*PROBLEM*
Please restate each line of the data below exactly. Omit all images.

*DATASET EXCERPT*
Start of Block

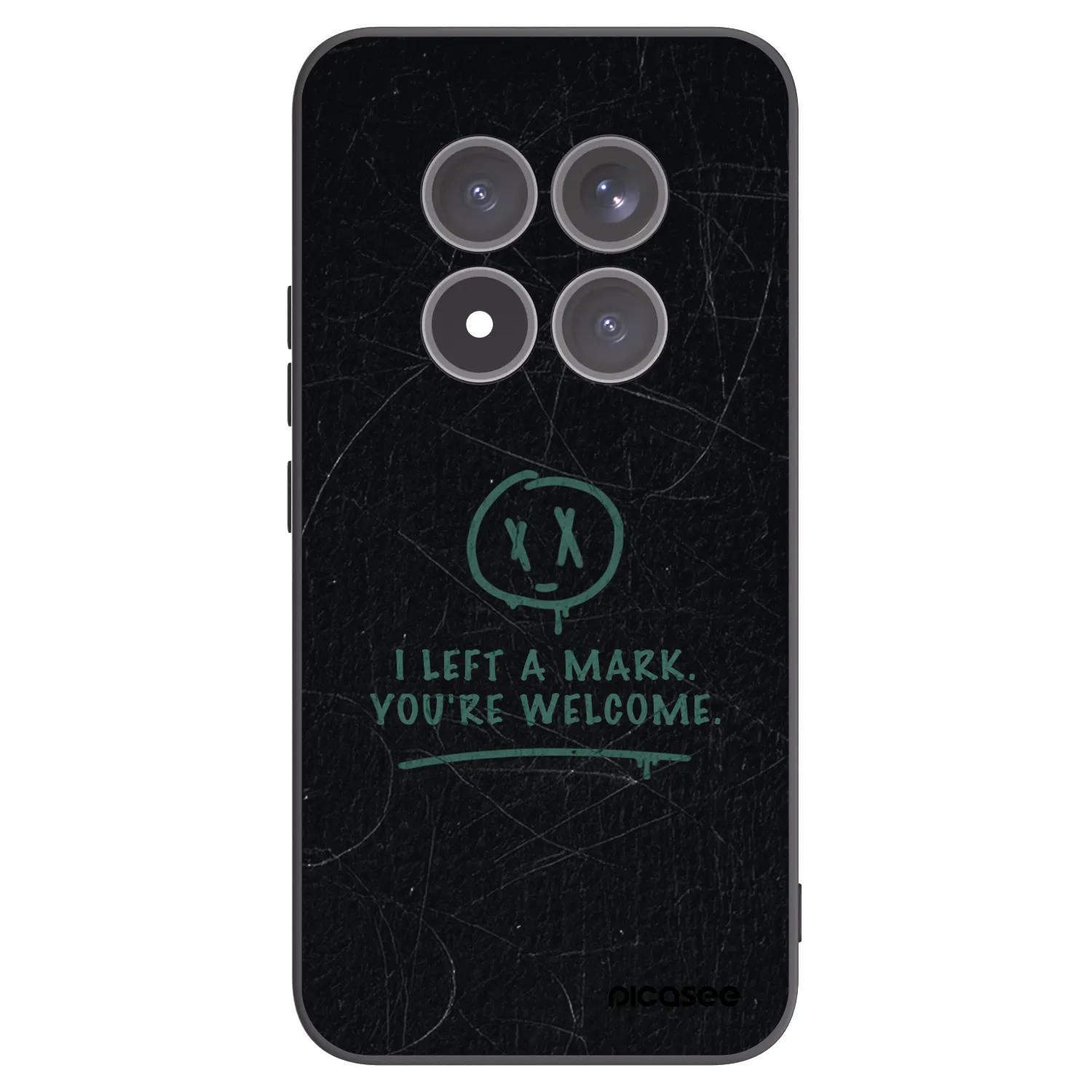 Picasee silikonski črni ovitek za Xiaomi Redmi Note 15 Pro+ - LEFT A MARK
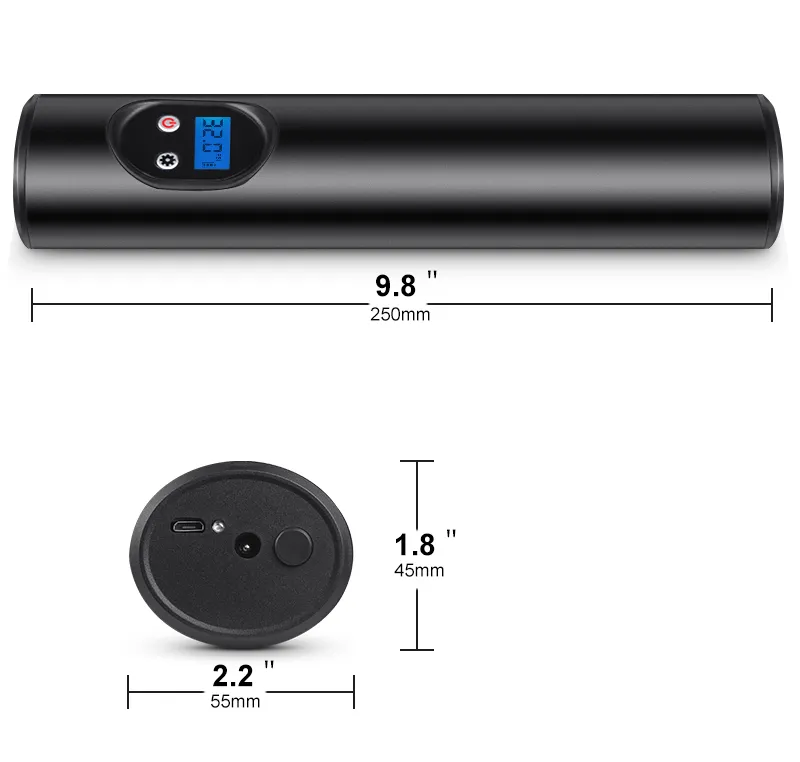 Bil Mini däck luftpump Trådlös luftpump för gummibåtar 12V DC däck tillbehör Uppblåsare för cykel boll simcirkel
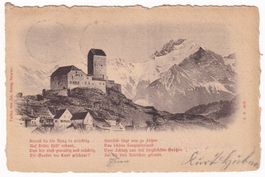 Schloss Sargans Ct. St. gallen  1903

End of Block

*YOUR SOLUTION*
 Picasee silikonski črni ovitek za Xiaomi Redmi Note 15 Pro+ - LEFT A MARK
 Bil Mini däck luftpump Trådlös luftpump för gummibåtar 12V DC däck tillbehör Uppblåsare för cykel boll simcirkel
 Schloss Sargans Ct. St. gallen  1903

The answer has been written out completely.